Tuesday March 5, 1861
Anderson reported that he had made an examination of his provisions and found that his supplies would be exhausted in about four to six weeks. Equally disconcerting, Anderson reported that he and his staff agreed that it would take a considerable land and naval force to relieve and reinforce the fort. He estimated it would take no less than "twenty thousand good and well-disciplined men."

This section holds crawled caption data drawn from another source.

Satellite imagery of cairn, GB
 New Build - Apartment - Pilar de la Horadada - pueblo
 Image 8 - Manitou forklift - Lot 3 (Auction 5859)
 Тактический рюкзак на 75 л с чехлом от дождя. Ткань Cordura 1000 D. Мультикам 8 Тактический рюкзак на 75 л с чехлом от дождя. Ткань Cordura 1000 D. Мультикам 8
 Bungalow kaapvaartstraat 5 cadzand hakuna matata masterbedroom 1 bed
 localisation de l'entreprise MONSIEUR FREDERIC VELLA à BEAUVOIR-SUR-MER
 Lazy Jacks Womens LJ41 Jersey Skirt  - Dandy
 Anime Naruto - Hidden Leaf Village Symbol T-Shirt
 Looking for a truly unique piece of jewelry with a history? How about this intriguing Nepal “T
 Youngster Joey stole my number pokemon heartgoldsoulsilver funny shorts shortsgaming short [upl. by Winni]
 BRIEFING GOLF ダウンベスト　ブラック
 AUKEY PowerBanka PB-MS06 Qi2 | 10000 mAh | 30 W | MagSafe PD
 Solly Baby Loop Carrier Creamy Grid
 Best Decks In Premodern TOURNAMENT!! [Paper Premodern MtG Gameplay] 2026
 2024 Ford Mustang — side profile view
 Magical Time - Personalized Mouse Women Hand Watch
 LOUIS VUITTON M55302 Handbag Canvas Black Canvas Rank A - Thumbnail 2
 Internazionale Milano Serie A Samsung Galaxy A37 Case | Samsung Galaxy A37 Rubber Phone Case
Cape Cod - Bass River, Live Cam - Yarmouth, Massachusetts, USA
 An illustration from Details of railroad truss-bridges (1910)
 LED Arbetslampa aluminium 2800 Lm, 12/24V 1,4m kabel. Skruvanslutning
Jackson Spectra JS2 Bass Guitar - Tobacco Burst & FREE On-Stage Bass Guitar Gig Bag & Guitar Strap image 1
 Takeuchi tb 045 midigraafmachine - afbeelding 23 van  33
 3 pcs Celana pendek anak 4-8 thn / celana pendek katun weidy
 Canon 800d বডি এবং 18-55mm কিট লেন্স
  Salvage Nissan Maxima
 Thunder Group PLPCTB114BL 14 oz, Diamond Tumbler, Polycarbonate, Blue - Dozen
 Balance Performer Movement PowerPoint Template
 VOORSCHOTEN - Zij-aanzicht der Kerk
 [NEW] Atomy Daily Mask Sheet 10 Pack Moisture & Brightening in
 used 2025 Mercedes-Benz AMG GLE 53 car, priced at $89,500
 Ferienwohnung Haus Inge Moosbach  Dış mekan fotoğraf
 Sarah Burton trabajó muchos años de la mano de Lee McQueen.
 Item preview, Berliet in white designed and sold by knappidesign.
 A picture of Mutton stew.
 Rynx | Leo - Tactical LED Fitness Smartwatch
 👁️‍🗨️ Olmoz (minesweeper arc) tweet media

Lincoln presented the information to General Winfield Scott for evaluation and received a gloomy response that evening. Scott, who had earlier advised the reinforcement of Sumter, now stated that the time had passed to save the fort. "I now see no alternative but a surrender, in some weeks," Scott argued. "Evacuation seems almost inevitable . . . if, indeed, the worn out garrison be not assaulted & carried in the present week."
Scott also mentioned the existence of "something like a truce," which he also referred to as a "truce, or informal understanding," at Fort Pickens. It had been established by the Buchanan administration following the movement of federal troops to the fort from the mainland. Reinforcements remained aboard ship with orders not to land at the fort until "an attack shall be made by the secessionists."
Bibliography: Potter, Impending Crisis, p.. 570; Nicolay and Hay, Lincoln, pp. 376-79; Current, Lincoln and the First Shot, pp. 44-47; Joseph Holt to Lincoln, 5 March 1861, with remarks by Scott, Lincoln Papers.